• INSTRUCTIONS TO FOLLOW: Could the listing below be returned exactly, with its pictures left out?

::: DATA BLOCK :::

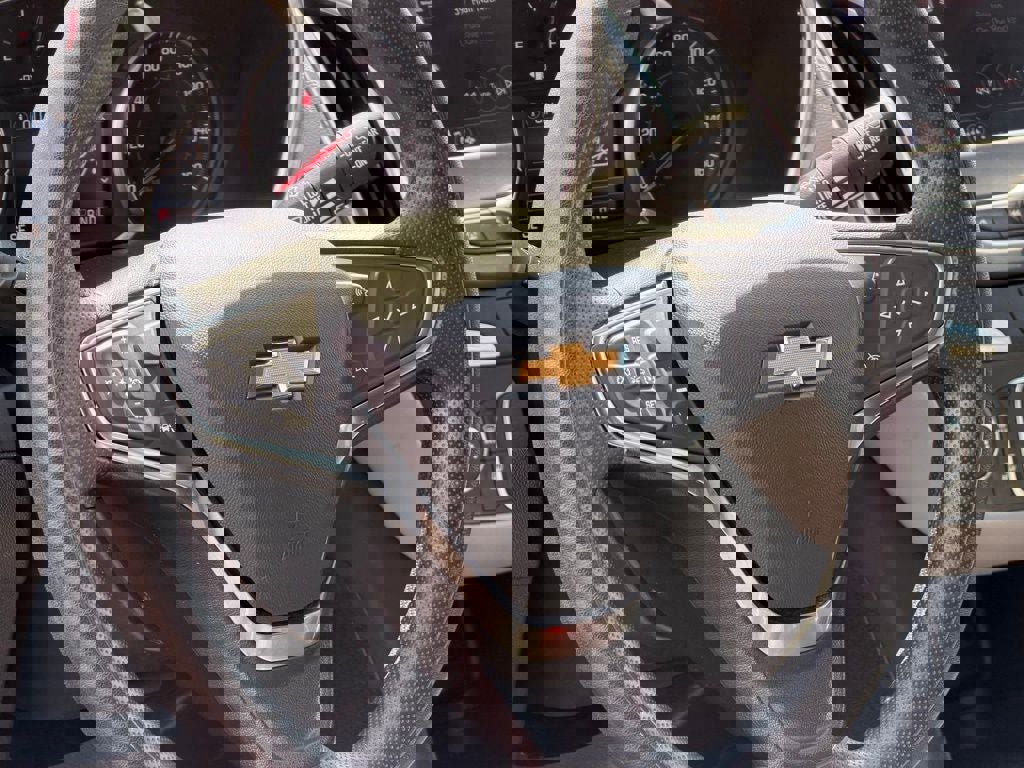 Used 2024 Chevrolet Equinox LS w/ LS Convenience Package image 24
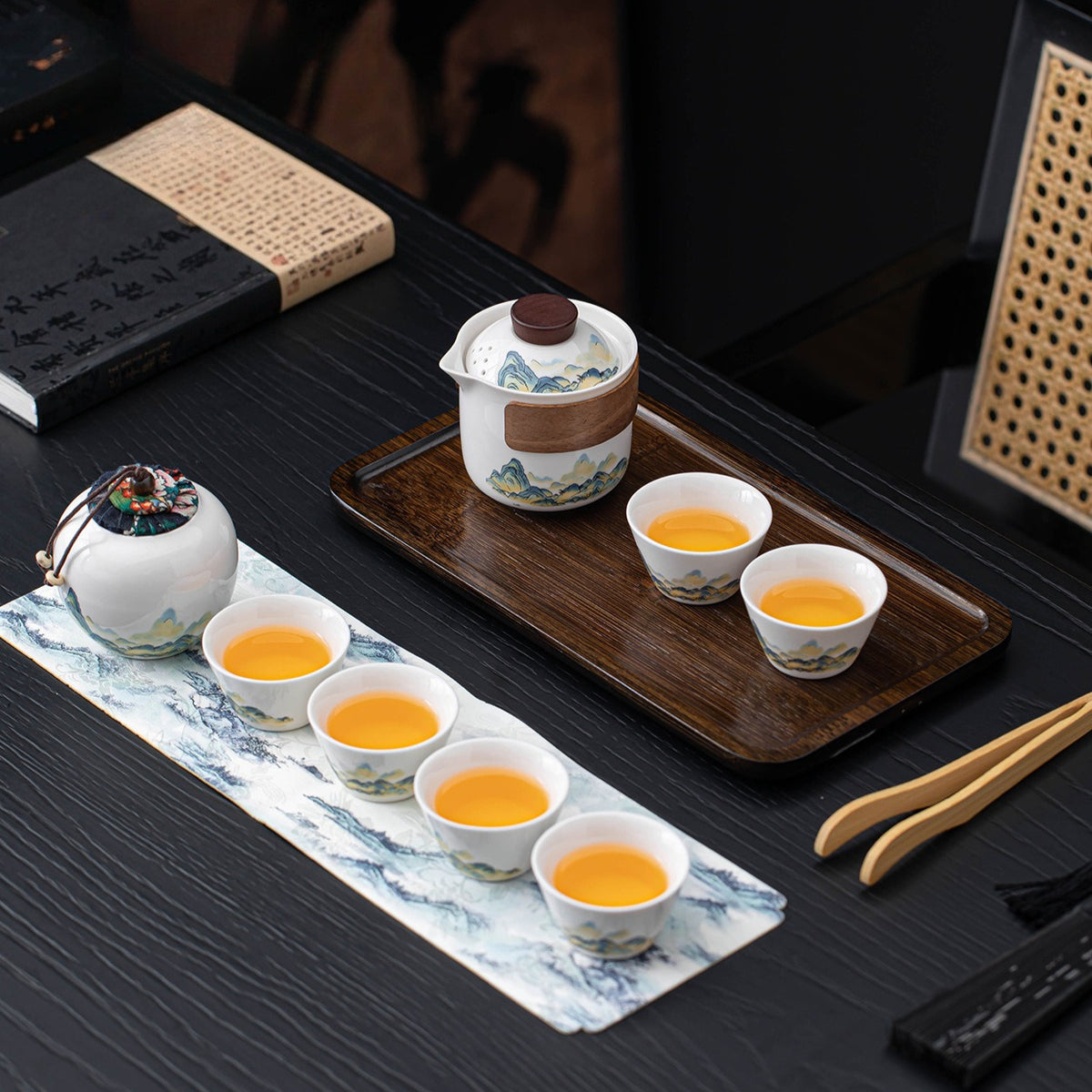 Thousand-Li Landscape travel tea set – detail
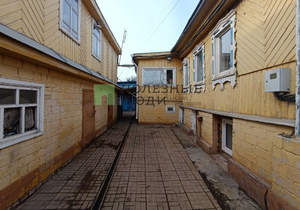 Дом 80м&sup2;, 2-этажный, участок 6 сот.  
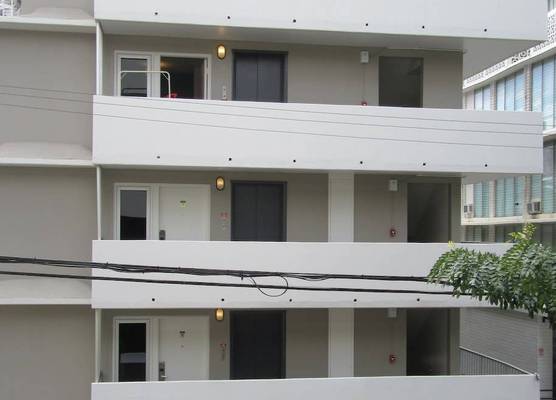 Waikiki Central Hotel - No Resort Fees 1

:::

• RESULT BELOW:
 Used 2024 Chevrolet Equinox LS w/ LS Convenience Package image 24
 Thousand-Li Landscape travel tea set – detail
 Дом 80м&sup2;, 2-этажный, участок 6 сот.  
 Waikiki Central Hotel - No Resort Fees 1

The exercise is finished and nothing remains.